After CSC’16 (cont’): The best paper

Now that the Proceedings of the CSC Workshop 2016 has appeared (link), we can look at the papers. In this post, we are going to look at the best paper by Manne, Naim, Lerring, and Halappanavar, “On stable marriages and greedy matchings” (doi).

As noted in the citation of the award, this paper brings together  recent half-approximation algorithms  for  weighted matchings  and the classical  Gale-Shapley and McVitie-Wilson algorithms for the Stable Marriage problem. This is helpful in two ways.

First, the authors show that a  recent half-approximation algorithm for computing greedy matchings, the Suitor algorithm and its variants,  is equivalent to  the classical algorithms for the Stable Marriage problem. This correspondence enables the authors to propose multi-core and many-core parallel algorithms for the Stable Marriage problem, based on the greedy matching algorithms. This way, if I am not mistaken, they develop the first GPU algorithm for the Stable Marriage problem.

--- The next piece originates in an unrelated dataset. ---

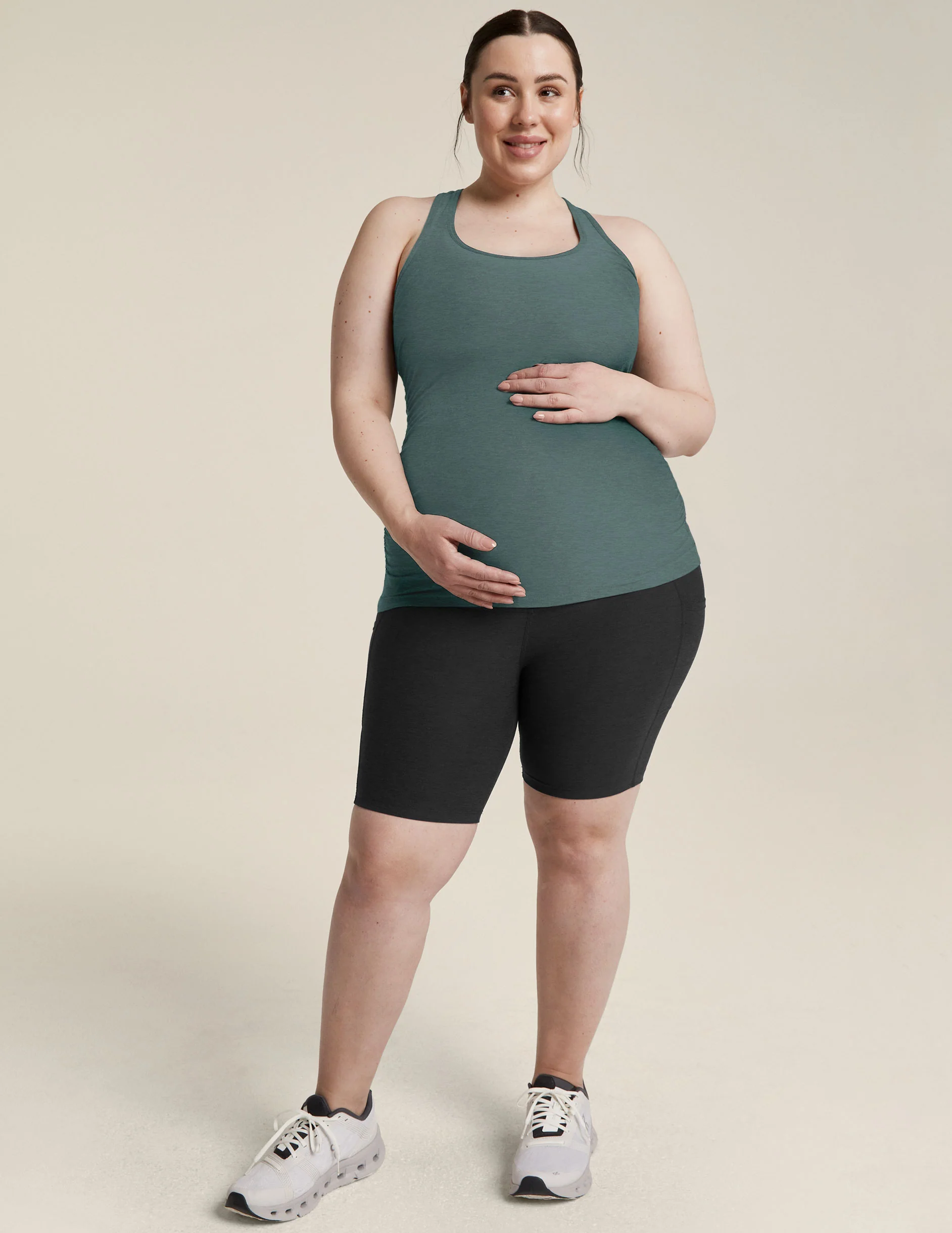 Featherweight Let It Grow Racerback Maternity Tank - Onhollan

Second, the extensive theoretical work on the Stable Marriage algorithms  explains the  behavior of the Suitor matching algorithm. The worst-case number of proposals in the Suitor algorithm can be O(n^2),  where n is the number of vertices  in the bipartite graph. However, if the weights are assigned randomly, the expected number of proposals is O(n \log n), which follows from a classical analysis of Donald Knuth [1, 2].

This work represents a nice marriage between theory and practice: the practical algorithms for the greedy matching help in designing parallel algorithms for the Stable Marriage problem, and the theoretical understanding of the Stable Marriage problem sheds light into the behavior of the greedy weighted matching algorithms.

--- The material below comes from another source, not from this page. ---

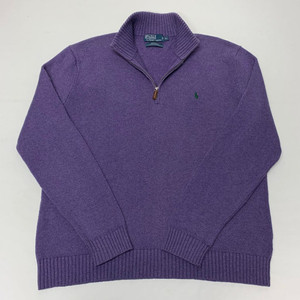 폴로랄프로렌 하프집업 면니트 스웨터 (XL)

Stable marriage problem: This is described on a full bipartite graph G=(L\cup R, L\times R).  Each vertex on the left has a total ranking of the vertices on the right; similarly each vertex on the right has a total ranking of all vertices on the left. The aim is to find a matching M such that no l\in L and r\in R  would obtain a higher ranked partner if they were to abandon their current partners in M and rematch with each other.

Greedy matching algorithm: Here we compute approximations to matchings of maximum  weight in weighted graphs. The Greedy algorithm  considers edges in a non-increasing order of weights and the heaviest remaining edge (u,v) is added to the matching, whereupon all edges incident on u and v are removed. The Greedy matching is a half-approximate matching.

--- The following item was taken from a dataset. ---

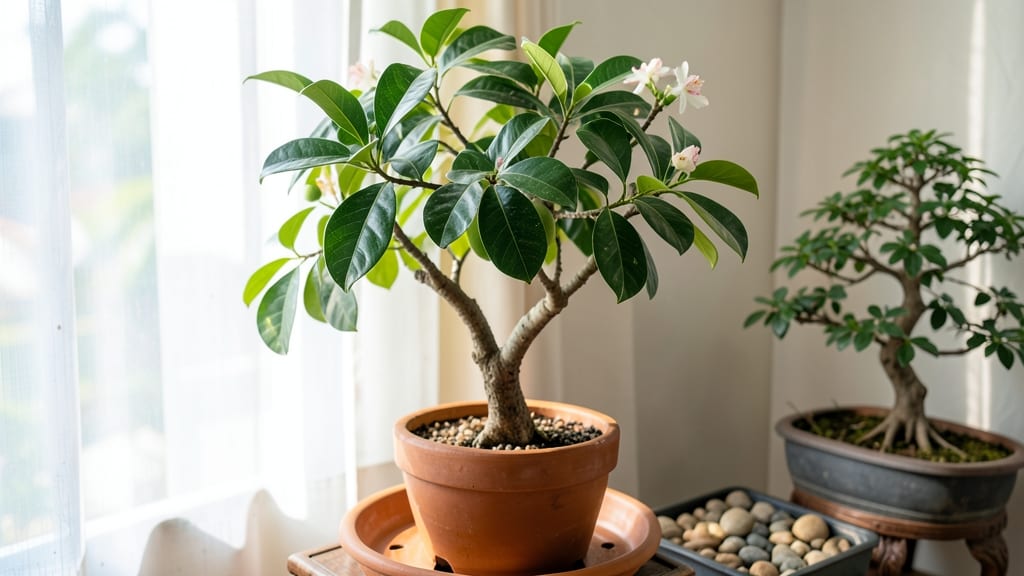 Mango Tree Indoors: Tropical Fruit Harvest in Sunlit Windows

Suitor algorithm: This is a proposal based algorithm [3]. Vertices can propose in any order, however, each vertex proposes to a neighbor with the  heaviest weight  that already does not have a better weight offer to match with it.  A vertex could annul the proposal received by a neighbor if it has a better weight edge to offer the neighbor.  When two vertices propose to each other, they are matched. The Suitor algorithm computes the same matching as the one obtained by the Greedy algorithm and the Locally Dominant edge algorithm described by Robert Preis [4]!


  1. Vicki Knoblauch, Marriage matching: A conjecture of Donald Knuth, Economics Working Papers. Paper 200715,, 2007.
  2. Donald E. Knuth, Stable Marriage and its Relation to Other Combinatorial Problems, CRM Proceedings and Lecture Notes, Vol. 10 American Mathematical Society, (1997).
  3. Fredrik Manne and Mahantesh Halappanavar, New effective multithreaded matching algorithms, in Proc. IPDPS 2014, IEEE 28th International Parallel and Distributed Processing Symposium, Phoenix, AZ, USA, pp. 519–528, 2014.
  4. Robert Preis, Linear time 1/2-approximation algorithm for maximum weighted matching in general graphs, in Proc. STACS 99, 16th Annual Symposium on Theoretical Aspects of Computer Science Trier, Germany, pp. 259–269, 1999.